I would not like there to be any differential treatment of local authority tenant purchasers against anybody else, but I believe there is a problem there of land now in the ownership of the State through the local authorities being given away because of the deliberate policy of only having nominal ground rents and that land having to be repurchased at exorbitant prices in 60 to 100 years' time, thereby increasing the future cost of local authority dwellings. That would be a bad legacy to leave to our successors.

The Bill is a step in the right direction. Legal costs were a problem for those who decided to buy their ground rents. Many people were put off by them. I believe, therefore, that this Bill is a small step in the right direction. I believe ground rents are immoral and that the Government should do what the Fianna Fáil canvassers told the people they would do, do away with ground rents and not ask people to pay anything for what is truly their own.

This is a further Bill dealing with ground rents. Before the election the National Coalition brought a Bill before the House dealing with the abolition of ground rents. Our Bill succeeded in going further than the two Bills Fianna Fáil have brought before the House, the Landlord and Tenant (Ground Rents) Bill which was before the House recently, which prevented the creation of new ground rents, and this Bill. Our Bill was better than those two ad hoc Bills regarding ground rents.

Steps should be taken to try to bring in a comprehensive Bill in the next two or three years to encompass all the Acts dealing with rents, ground rents, leases, proprietary leases and building leases. A similar effort was made with regard to company law. Our company law was codified and brought in under one comprehensive Act. The comprehensive company law Act did a lot to have all the company legislation under one Act which could be dealt with by students of law, practitioners and people involved in the different types of rent.

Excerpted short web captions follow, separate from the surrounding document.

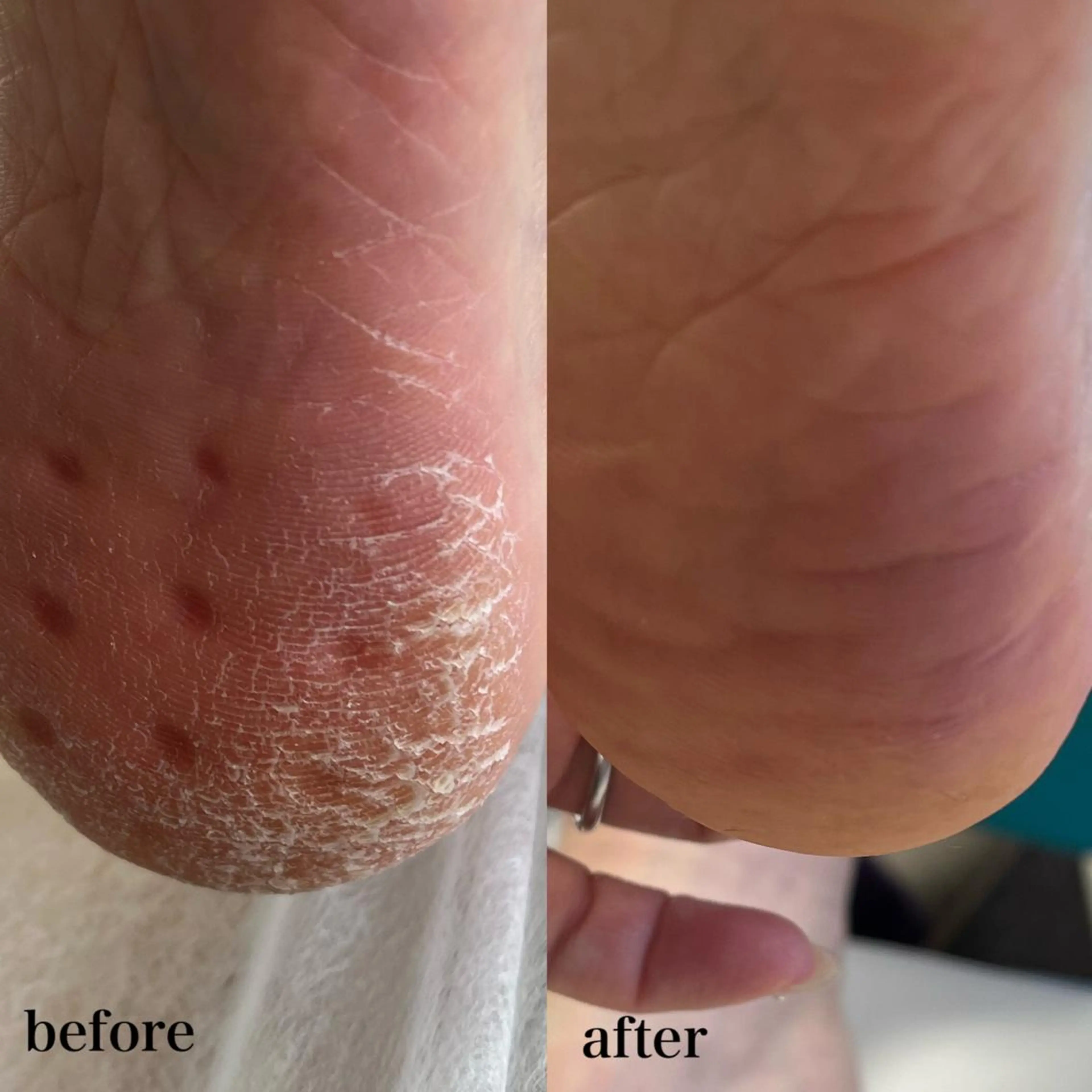 𝐑𝐢𝐞𝐯𝐞所属・HIROTA 𝐑𝐀𝐍のエステ・リラクイメージ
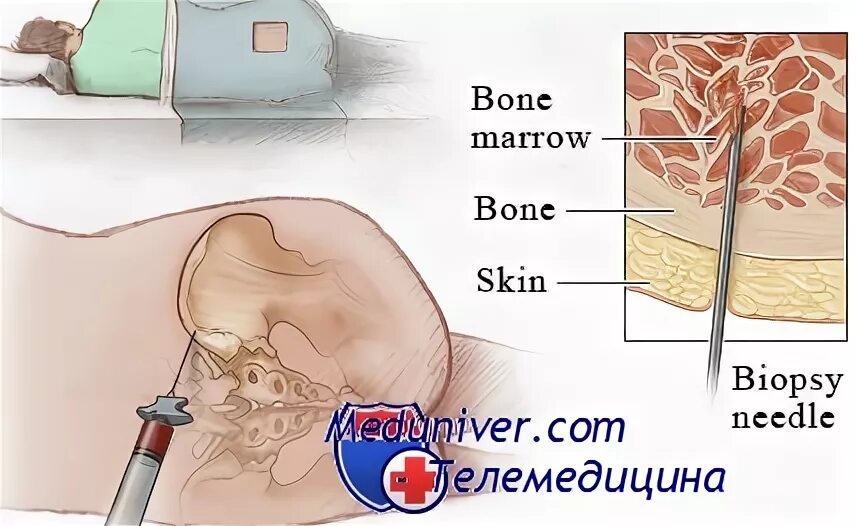 Трепанобиопсия кости. Трепанобиопсия костного мозга. Трепан биопсия костного мозга. Трепанобиопсия пунктат костного мозга. Трепан биопсия подвздошной кости.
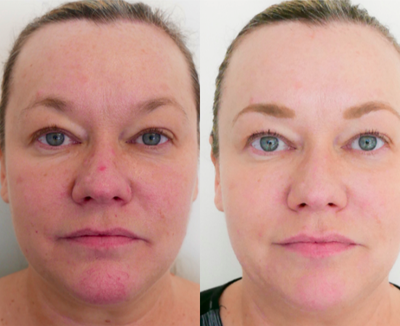 IPL before and after photo
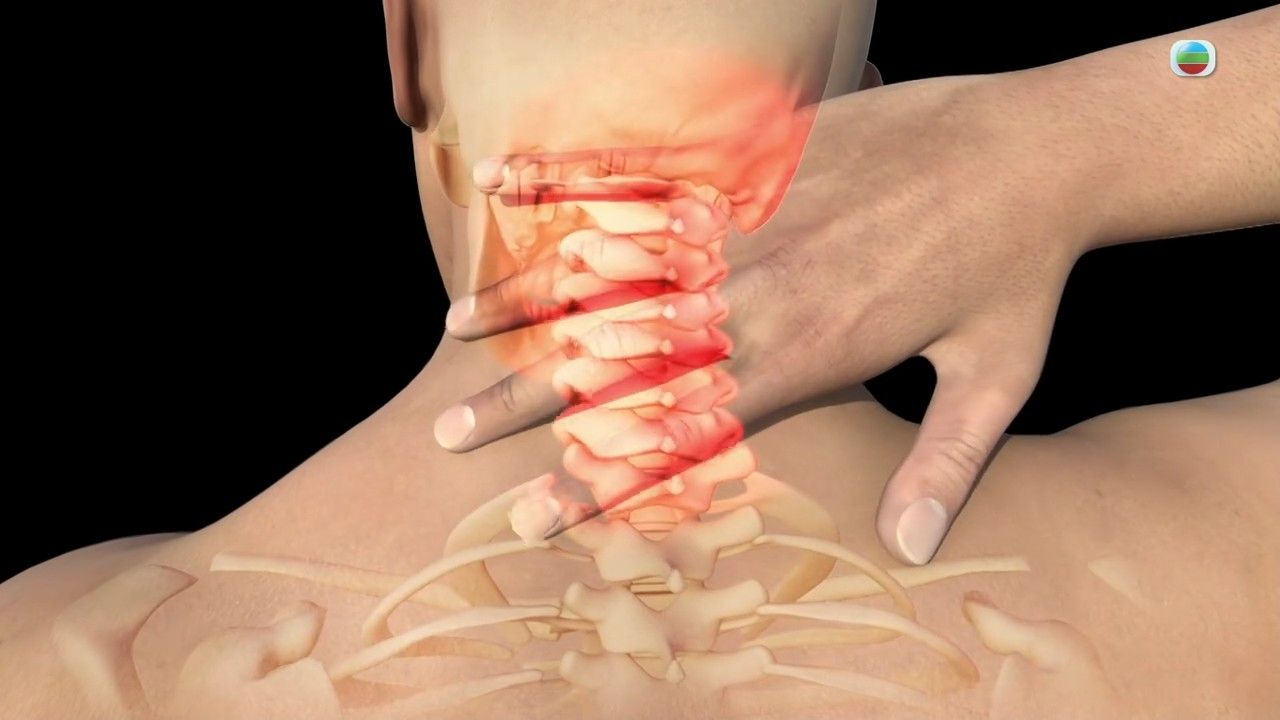 健康新聞報道｜專科醫生提醒按摩不當可致中風 30歲港人泰國按摩後出事？這2位置不能隨便按壓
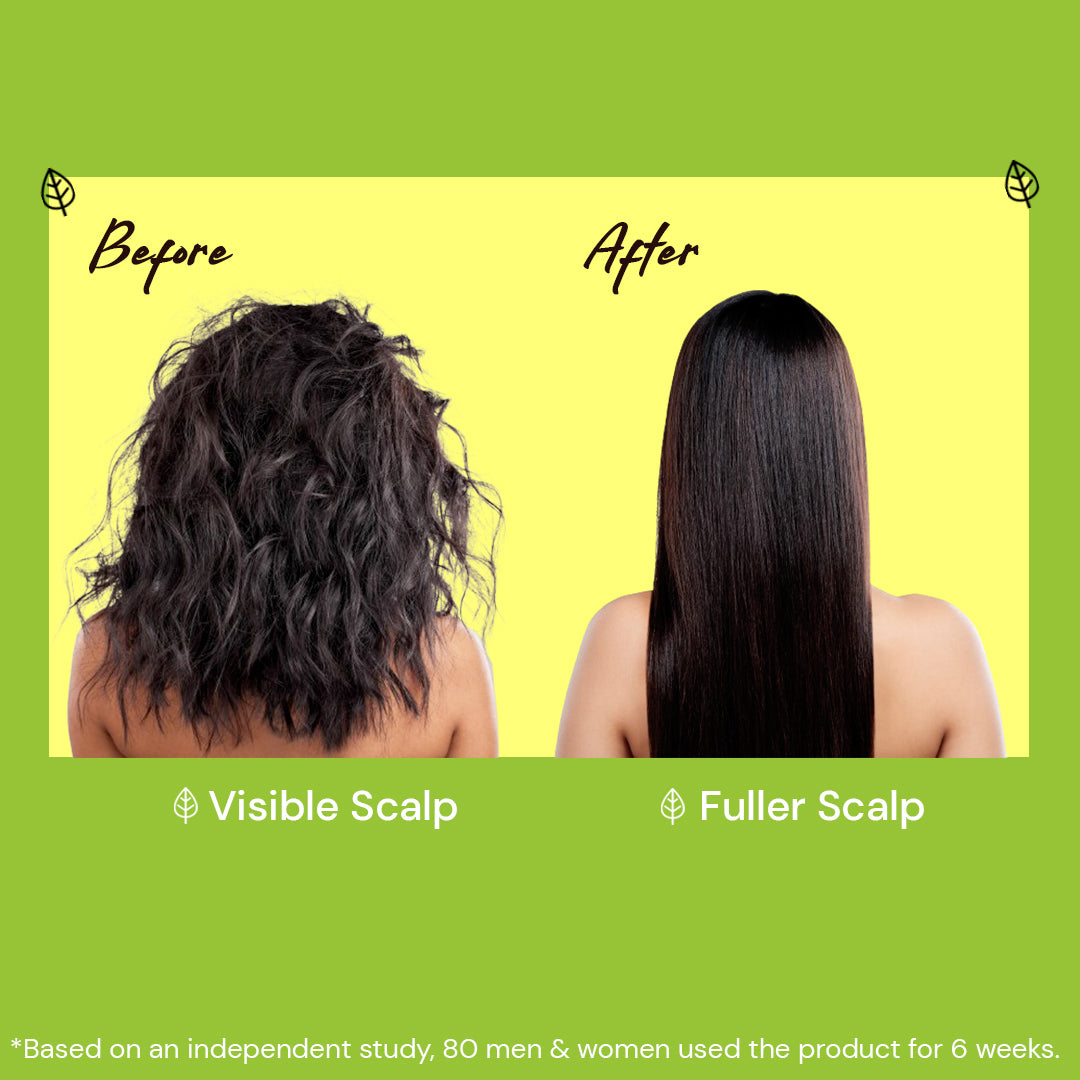 Atulya Amla & Bhringraj Hair Oil | Reduces Hair Fall, Boosts Strength | 200 ml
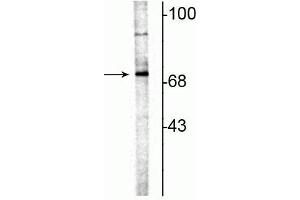 Western blot of rat hippocampal lysate showing specific immunolabeling of the ~70 kDa ChAT. (Choline Acetyltransferase antibody)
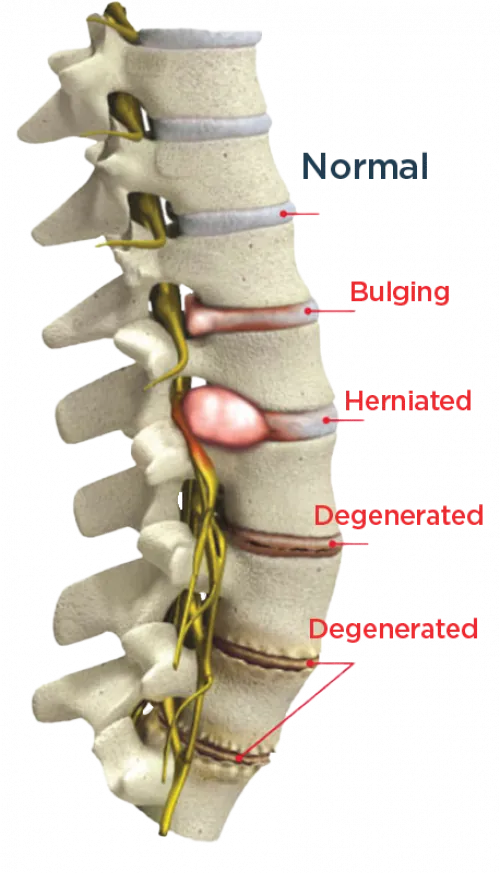 Spinal discs: normal, bulging, herniated, and degenerated. Discseel Procedure education.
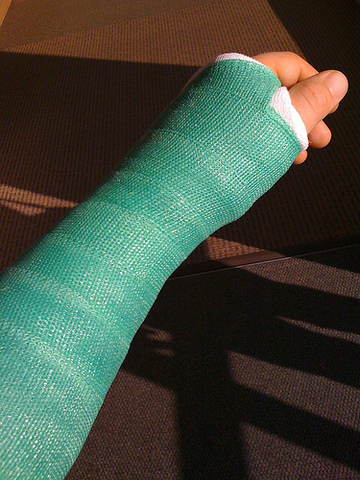 Broken Arm
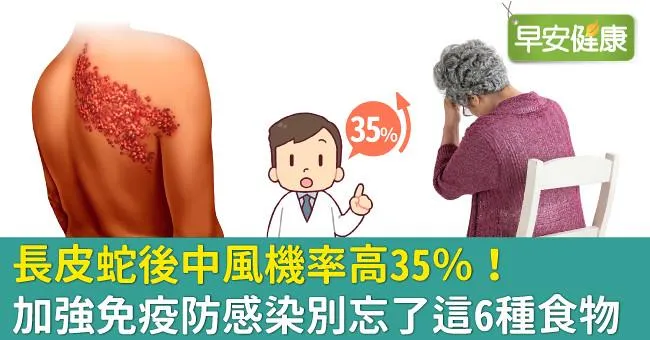 長皮蛇後中風機率高35％！加強免疫防感染別忘了這6種食物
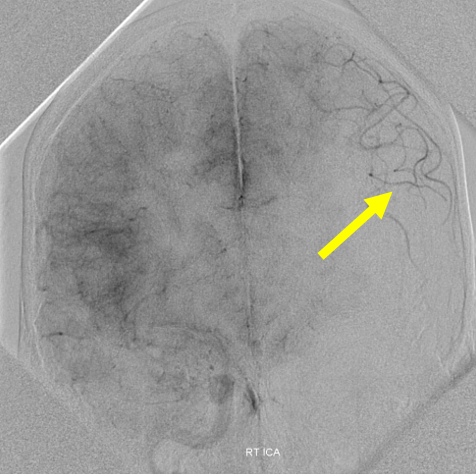 http://www.neuroangio.org/wp-content/uploads/Archives/Archives-Carotid-Web-4.PNG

We have two small Bills dealing with ground rents. Many people who are not involved in this Bill will read in The Irish Times, Irish Independent, The Irish Press or The Cork Examiner tomorrow what the Minister said in the House today. They will find that he said:

The Landlord and Tenant Acts have since 1931 sought to distinguish between those two types of rents and to provide for the rights of the parties involved as appropriate to each type. The Acts did this initially by developing the concepts of a "building lease" and a "proprietary lease" as the types of leases which were taken to reserve a ground rent as distinct from an occupational rent. The problem, was however, that as time went by these concepts were found to be inadequate to describe all the types of lease which were found to reserve ground rents. As a result, in the 1958, 1967 and 1971 Acts new types of leases and tenancies had to be added to the concepts already established in 1931.

We had Acts in 1958, 1967, 1971 and we now have two in 1977. There are also other Acts dealing with rents. There are the Acts dealing with local authority housing, the old vested cottages and many others. There are so many different Acts dealing with many different types of rent that I believe it is necessary to have all brought in under one umbrella. If I do nothing more this evening than put that idea into the minds of the people empowered to bring in such legislation, then I will have done a lot for the people involved in ground rents.

Going back over the history of leases in so many different situations, leases and tenancies in regard to local authorities with regard to, say, fee simple, life interests, life estates, it is very difficult to read through all of the legislation: it is becoming well nigh impossible. If all of this could be incorporated in the one Bill it would be of tremendous assistance to everybody. I do not minimise the enormity of the task involved. It would necessitate a vast amount of work in the Department of Justice to introduce such legislation, but its benefits would be enormous to all concerned. I put it to the Government that this will prove necessary. Otherwise we will be left in a situation in which this will recur.

My reading of the terms of this Bill is that they will last for a period of five years only. In other words, tenants who apply to buy out their ground rents will have to do so within a period of five years. The point to which I am referring is the vesting of the fee simple in dwellinghouses. Section 18 of the Landlord and Tenant (Ground Rents) (No. 2) Bill 1977, dealing with the vesting of the fee simple in dwelling-houses says:

This Part shall have effect only in relation to applications made under it during the period of five years beginning on the commencement of this Act.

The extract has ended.